No JSF here, thank-you

June 28, 2007

I occasionally post about technologies I like, less often about ones I don’t.The inimitable Koranteng has just come across JSF, and he doesn’t like it either.

Peter Sefton has blogged about his progress integrating chemistry into ICE. I’m excited about this – chemical molecules are a good example of needing custom representations depending on the output context; CML for machines, CML + the JMol applet for hypermedia documents, PNG for static documents. This also has potential for us as part of SPECTRa-T, providing a rich view of chemical metadata annotations.

There’s a research associate position available working with Peter Murray-Rust and others here at the Unilever Centre. There is potential for some fantastic applied research in the role; using semantic web technologies, CML and text mining technologies to generate cutting edge polymer informatics tools.

A basic repository feature is providing a list of all the resources in a collection, and a way to incrementally discover changes. The usual way for repos to enable this is OAI-PMH, using either the ListRecords verb or the ListIds verb, and the ‘from’ argument to perform efficient incremental update, and the resumptionToken system to enable the server to condition the load generated.

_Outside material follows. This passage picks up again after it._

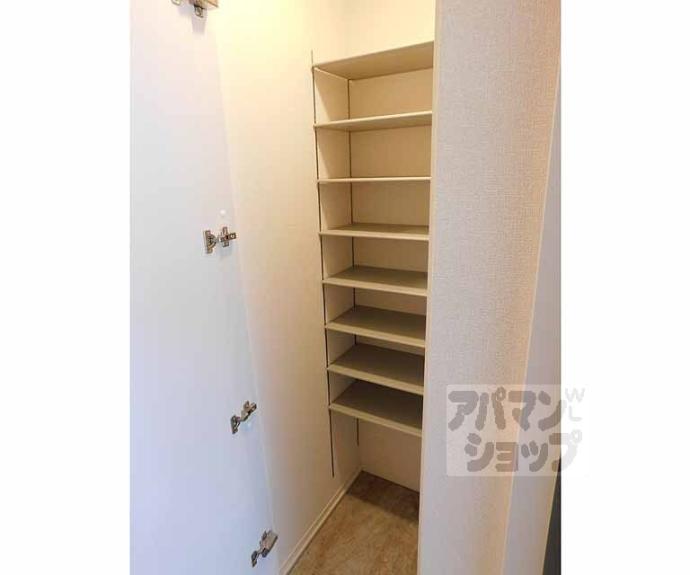 【ルナ　プレーナ】間取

The way the rest of the world does it is with Atom or RSS. Unnecessary retrievals can be prevented using conditional GET. The server chooses the size of the feed documents so it can control it’s own load. It’s even possible to avoid lost updates or list an entire collection using ‘first’, ‘last’, ‘next’ and ‘previous’ links (as in this tip). There’s no direct equivalent of PMH’s ‘from’ but as long as the feed has timestamps on each entry, then the client knows when to stop retrieving more feed chunks.

I’m currently reading the REST book, so I’m in a frenzy of resource-oriented fervour. OAI-PMH is, in the REST patois, a STREST interface (this theme was picked up in the discussion between Carl Lagoze and Andy Powell recently). The rich resource discovery possible with OAI-PMH is also overkill for what I’m after here.

I’m also unsure about syndication – I have a feeling that the resource representations in Atom / RSS feeds are unlikely to satisfy most repository clients’ needs. Isn’t a more resource-oriented approach to simply link to the resource and let the client negotiate with the resource for an appropriate representation? If so, Sitemaps fit the bill perfectly.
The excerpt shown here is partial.